Only one internet gateway is needed for each VCN. All public subnets within a VCN have access to the internet gateway provided security rules and route table rules allow that access.
For the purposes of access control, you must specify the compartment where you want the internet gateway to reside. If you're not sure which compartment to use, put the internet gateway in the same compartment as the cloud network. For more information, see Access Control.
You can assign a friendly name to the internet gateway. It doesn't have to be unique, and you can change it later. Oracle automatically assigns the internet gateway a unique identifier called an Oracle Cloud ID (OCID). For more information, see Resource Identifiers.
To delete an internet gateway, it doesn't have to be disabled, but there must not be a route table that lists it as a target.
See Gateway Limits and Requesting a Service Limit Increase for limits-related information.
Internet Gateway Setup
Prerequisites:
- Decide which subnets in the VCN need access to the internet, and create those public subnets.
Only one internet gateway is needed for each VCN. All public subnets within a VCN have access to the internet gateway provided security rules and route table rules allow that access.
- Decide the types of ingress and egress internet traffic that you want to enable for the resources in each public subnet (examples: ingress HTTPS connections, ingress ICMP ping connections).
- The required IAM policy is in place to allow you to work with Networking service resources. For administrators: see IAM Policies for Networking.
If the public subnet is configured to use the default security list, remember that the list includes several helpful default rules that enable basic required access (examples: ingress SSH, egress access to all destinations). We recommend that you become familiar with the basic access that these default rules provide. If you select not to use the default security list, ensure this basic access by implementing these security rules either in network security groups (NSGs) or custom security lists.

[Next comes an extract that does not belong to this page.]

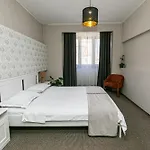 Piata Sfatului Guest house Brasov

The following procedure uses security lists, but you could instead implement the security rules in a network security group and then create all the subnet's resources in that NSG.
-
For each public subnet that needs to use the internet gateway, set up the subnet's security list rules to allow internet traffic. See the following example settings:
Imagine you have web servers in the public subnet. This example shows how to add an ingress rule for HTTPS connections (TCP port 443) coming from the internet to the web server. Without this rule, inbound HTTPS connections aren't allowed.
- Leave the Stateless checkbox unselected.
- Source Type: CIDR
- Source CIDR: 0.0.0.0/0
- IP Protocol: Leave as TCP.
- Source Port Range: Leave as All.
- Destination Port Range: Enter 443.
- Description: An optional description of the rule.
-
Create the VCN's internet gateway.
After the internet gateway is created and displayed on the Internet Gateways page of the VCN you chose, it's already enabled but you still need to add a route rule that allows traffic to flow to the gateway.
-
For each public subnet that needs to use the internet gateway, update the subnet's route table using the following example settings:
- Target Type: Internet Gateway
- Destination CIDR block: 0.0.0.0/0 (which means that all non-intra-VCN traffic not already covered by other rules in the route table goes to the target specified in this rule)
- Compartment: The compartment containing the internet gateway.
- Target: The internet gateway you created.
- Description: An optional description of the rule.
The internet gateway is now enabled and working for the cloud network.